--- TASK INPUT ---
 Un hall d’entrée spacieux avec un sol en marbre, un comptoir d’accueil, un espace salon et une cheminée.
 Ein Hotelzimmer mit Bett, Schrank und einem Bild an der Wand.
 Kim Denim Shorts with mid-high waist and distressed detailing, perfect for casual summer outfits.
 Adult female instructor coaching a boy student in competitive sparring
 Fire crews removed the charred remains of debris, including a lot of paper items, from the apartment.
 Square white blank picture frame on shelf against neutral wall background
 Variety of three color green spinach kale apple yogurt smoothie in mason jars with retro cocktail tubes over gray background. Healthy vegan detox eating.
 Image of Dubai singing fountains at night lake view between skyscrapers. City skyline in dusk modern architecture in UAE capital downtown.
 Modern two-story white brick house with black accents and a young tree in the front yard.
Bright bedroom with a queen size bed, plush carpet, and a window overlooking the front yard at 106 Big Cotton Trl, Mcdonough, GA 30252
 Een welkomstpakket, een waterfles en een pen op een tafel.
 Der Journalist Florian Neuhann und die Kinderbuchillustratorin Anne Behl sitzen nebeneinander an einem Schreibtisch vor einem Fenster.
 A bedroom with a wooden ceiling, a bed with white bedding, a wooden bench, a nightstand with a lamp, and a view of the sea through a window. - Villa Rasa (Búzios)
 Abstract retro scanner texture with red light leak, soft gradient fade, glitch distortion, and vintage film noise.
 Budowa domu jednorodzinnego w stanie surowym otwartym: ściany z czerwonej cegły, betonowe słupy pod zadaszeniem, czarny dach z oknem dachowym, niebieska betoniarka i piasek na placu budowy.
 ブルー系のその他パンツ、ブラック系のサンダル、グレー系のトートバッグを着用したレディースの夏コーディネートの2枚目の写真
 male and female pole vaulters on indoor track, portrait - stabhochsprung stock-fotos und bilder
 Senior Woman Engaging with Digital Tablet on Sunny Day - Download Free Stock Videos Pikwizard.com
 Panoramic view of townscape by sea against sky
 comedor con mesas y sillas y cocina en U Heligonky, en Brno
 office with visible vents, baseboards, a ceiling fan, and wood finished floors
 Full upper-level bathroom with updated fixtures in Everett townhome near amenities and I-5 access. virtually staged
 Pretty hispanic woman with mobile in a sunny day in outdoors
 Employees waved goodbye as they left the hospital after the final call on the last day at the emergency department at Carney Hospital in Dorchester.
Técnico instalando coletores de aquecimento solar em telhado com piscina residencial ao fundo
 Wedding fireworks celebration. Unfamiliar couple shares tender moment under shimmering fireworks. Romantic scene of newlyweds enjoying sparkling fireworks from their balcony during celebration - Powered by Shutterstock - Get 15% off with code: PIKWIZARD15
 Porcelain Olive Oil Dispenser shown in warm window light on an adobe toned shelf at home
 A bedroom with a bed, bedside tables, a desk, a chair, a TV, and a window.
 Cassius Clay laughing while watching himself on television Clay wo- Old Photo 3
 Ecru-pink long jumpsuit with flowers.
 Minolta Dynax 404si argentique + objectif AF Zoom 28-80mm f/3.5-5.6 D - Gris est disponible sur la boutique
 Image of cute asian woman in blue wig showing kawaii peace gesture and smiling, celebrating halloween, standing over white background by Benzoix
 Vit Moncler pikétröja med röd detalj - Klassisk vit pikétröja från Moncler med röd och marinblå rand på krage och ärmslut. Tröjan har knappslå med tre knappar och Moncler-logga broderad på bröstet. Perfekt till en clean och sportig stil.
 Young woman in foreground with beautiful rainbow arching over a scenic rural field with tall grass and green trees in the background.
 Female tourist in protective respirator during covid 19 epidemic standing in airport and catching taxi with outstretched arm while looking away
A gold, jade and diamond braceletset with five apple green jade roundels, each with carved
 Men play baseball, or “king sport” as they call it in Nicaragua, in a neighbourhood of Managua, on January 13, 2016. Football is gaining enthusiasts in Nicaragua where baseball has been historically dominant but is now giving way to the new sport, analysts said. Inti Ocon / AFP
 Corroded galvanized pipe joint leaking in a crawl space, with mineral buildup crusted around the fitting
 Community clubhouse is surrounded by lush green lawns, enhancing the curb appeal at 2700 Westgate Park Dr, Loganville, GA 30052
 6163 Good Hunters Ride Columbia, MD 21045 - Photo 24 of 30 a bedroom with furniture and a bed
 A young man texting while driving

--- EXERCISE DIRECTIONS ---
The records above must be printed again in full, exactly as written.

--- YOUR SOLUTION ---
 Un hall d’entrée spacieux avec un sol en marbre, un comptoir d’accueil, un espace salon et une cheminée.
 Ein Hotelzimmer mit Bett, Schrank und einem Bild an der Wand.
 Kim Denim Shorts with mid-high waist and distressed detailing, perfect for casual summer outfits.
 Adult female instructor coaching a boy student in competitive sparring
 Fire crews removed the charred remains of debris, including a lot of paper items, from the apartment.
 Square white blank picture frame on shelf against neutral wall background
 Variety of three color green spinach kale apple yogurt smoothie in mason jars with retro cocktail tubes over gray background. Healthy vegan detox eating.
 Image of Dubai singing fountains at night lake view between skyscrapers. City skyline in dusk modern architecture in UAE capital downtown.
 Modern two-story white brick house with black accents and a young tree in the front yard.
Bright bedroom with a queen size bed, plush carpet, and a window overlooking the front yard at 106 Big Cotton Trl, Mcdonough, GA 30252
 Een welkomstpakket, een waterfles en een pen op een tafel.
 Der Journalist Florian Neuhann und die Kinderbuchillustratorin Anne Behl sitzen nebeneinander an einem Schreibtisch vor einem Fenster.
 A bedroom with a wooden ceiling, a bed with white bedding, a wooden bench, a nightstand with a lamp, and a view of the sea through a window. - Villa Rasa (Búzios)
 Abstract retro scanner texture with red light leak, soft gradient fade, glitch distortion, and vintage film noise.
 Budowa domu jednorodzinnego w stanie surowym otwartym: ściany z czerwonej cegły, betonowe słupy pod zadaszeniem, czarny dach z oknem dachowym, niebieska betoniarka i piasek na placu budowy.
 ブルー系のその他パンツ、ブラック系のサンダル、グレー系のトートバッグを着用したレディースの夏コーディネートの2枚目の写真
 male and female pole vaulters on indoor track, portrait - stabhochsprung stock-fotos und bilder
 Senior Woman Engaging with Digital Tablet on Sunny Day - Download Free Stock Videos Pikwizard.com
 Panoramic view of townscape by sea against sky
 comedor con mesas y sillas y cocina en U Heligonky, en Brno
 office with visible vents, baseboards, a ceiling fan, and wood finished floors
 Full upper-level bathroom with updated fixtures in Everett townhome near amenities and I-5 access. virtually staged
 Pretty hispanic woman with mobile in a sunny day in outdoors
 Employees waved goodbye as they left the hospital after the final call on the last day at the emergency department at Carney Hospital in Dorchester.
Técnico instalando coletores de aquecimento solar em telhado com piscina residencial ao fundo
 Wedding fireworks celebration. Unfamiliar couple shares tender moment under shimmering fireworks. Romantic scene of newlyweds enjoying sparkling fireworks from their balcony during celebration - Powered by Shutterstock - Get 15% off with code: PIKWIZARD15
 Porcelain Olive Oil Dispenser shown in warm window light on an adobe toned shelf at home
 A bedroom with a bed, bedside tables, a desk, a chair, a TV, and a window.
 Cassius Clay laughing while watching himself on television Clay wo- Old Photo 3
 Ecru-pink long jumpsuit with flowers.
 Minolta Dynax 404si argentique + objectif AF Zoom 28-80mm f/3.5-5.6 D - Gris est disponible sur la boutique
 Image of cute asian woman in blue wig showing kawaii peace gesture and smiling, celebrating halloween, standing over white background by Benzoix
 Vit Moncler pikétröja med röd detalj - Klassisk vit pikétröja från Moncler med röd och marinblå rand på krage och ärmslut. Tröjan har knappslå med tre knappar och Moncler-logga broderad på bröstet. Perfekt till en clean och sportig stil.
 Young woman in foreground with beautiful rainbow arching over a scenic rural field with tall grass and green trees in the background.
 Female tourist in protective respirator during covid 19 epidemic standing in airport and catching taxi with outstretched arm while looking away
A gold, jade and diamond braceletset with five apple green jade roundels, each with carved
 Men play baseball, or “king sport” as they call it in Nicaragua, in a neighbourhood of Managua, on January 13, 2016. Football is gaining enthusiasts in Nicaragua where baseball has been historically dominant but is now giving way to the new sport, analysts said. Inti Ocon / AFP
 Corroded galvanized pipe joint leaking in a crawl space, with mineral buildup crusted around the fitting
 Community clubhouse is surrounded by lush green lawns, enhancing the curb appeal at 2700 Westgate Park Dr, Loganville, GA 30052
 6163 Good Hunters Ride Columbia, MD 21045 - Photo 24 of 30 a bedroom with furniture and a bed
 A young man texting while driving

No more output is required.